In a move that strengthens Texas's future, five-star recruit Spears Jr., son of a prominent athletic family, commits to Longhorns basketball for the 2026 season.

Legacy runs in the family, and a few more familiar names just made their college decisions.

The biggest headline belongs to Spears Jr., the 6-10 five-star basketball recruit and one of the top power forwards in the country. The Frisco, Texas native committed and signed with Texas on Friday, July 10, and he has reclassified to the Class of 2026, putting him on track to join the Longhorns for the 2026-27 season.

Spears Jr. drew 26 Division I offers, with Alabama, Arizona, Houston, Michigan, Tennessee, Villanova and others in the mix before he landed on Texas.

His family tree is loaded with athletic ties.
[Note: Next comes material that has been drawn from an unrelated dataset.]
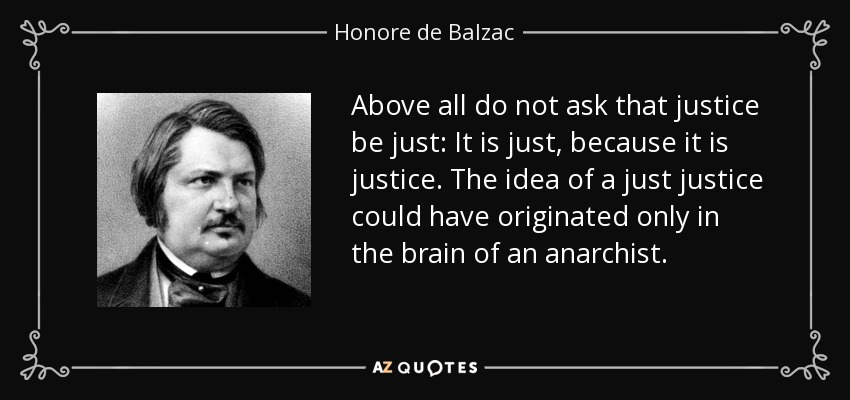 Above all do not ask that justice be just: It is just, because it is justice. The idea of a just justice could have originated only in the brain of an anarchist. - Honore de Balzac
His father, Marcus Spears, is an LSU alum who played in the NFL from 2005 to 2013 with the Dallas Cowboys and the Baltimore Ravens.

He now works as an NFL analyst for ESPN and appears on shows including First Take and NFL Live. Spears Jr.’s mother, Aiysha Smith, played at LSU from 2001 to 2003 and was selected seventh overall by the Washington Mystics in the 2003 WNBA Draft.

And now Spears Jr. joins another Longhorn in the family. His aunt, Macaria “Cari” Spears, is a junior standout and All-American outside hitter for the Texas women’s volleyball team.

Before Marcus Spears’ son made his choice, Cari told Cory Mose of KVUE News, “My recruiting skills are really, really good. I’ve been working on it,” Cari told Cory Mose of KVUE News before Marcus committed to Texas.

“I want him to go to UT and I think it would be so fun, but I want him to go where he wants to go and where he feels will be the best experience for him.”

Spears Jr. has spent his high school career at Dynamic Prep, the program operated by former NBA player Jermaine O'Neal, since his freshman year. As a sophomore in the 2024-25 season, Marcus averaged 6.3 points and 5.3 rebounds per game, then jumped to 15.1 points and 7.6 rebounds per game as a junior. In Nike Elite Youth Basketball League play with Drive Nation, he put up 20 points, 9.7 rebounds and 1.5 blocks per game.

Another legacy name also made a move in early July. Paisios Polamalu, the son of Pro Football Hall of Famer Troy Polamalu, had initially been linked heavily to USC, his father’s alma mater, but instead committed to Stanford football in early July.

Polamalu is a 3-star recruit and a 5-9, 190-pound safety from San Diego, California. He picked the Cardinal over Arizona and USC.

At St. Augustine in 2025, Polamalu ran for 1,530 yards and 19 touchdowns on 250 carries and added three receiving scores. On defense, he finished with 108 tackles, a sack, six interceptions, 10 pass deflections, two caused fumbles, a fumble recovery and two blocked field goal attempts.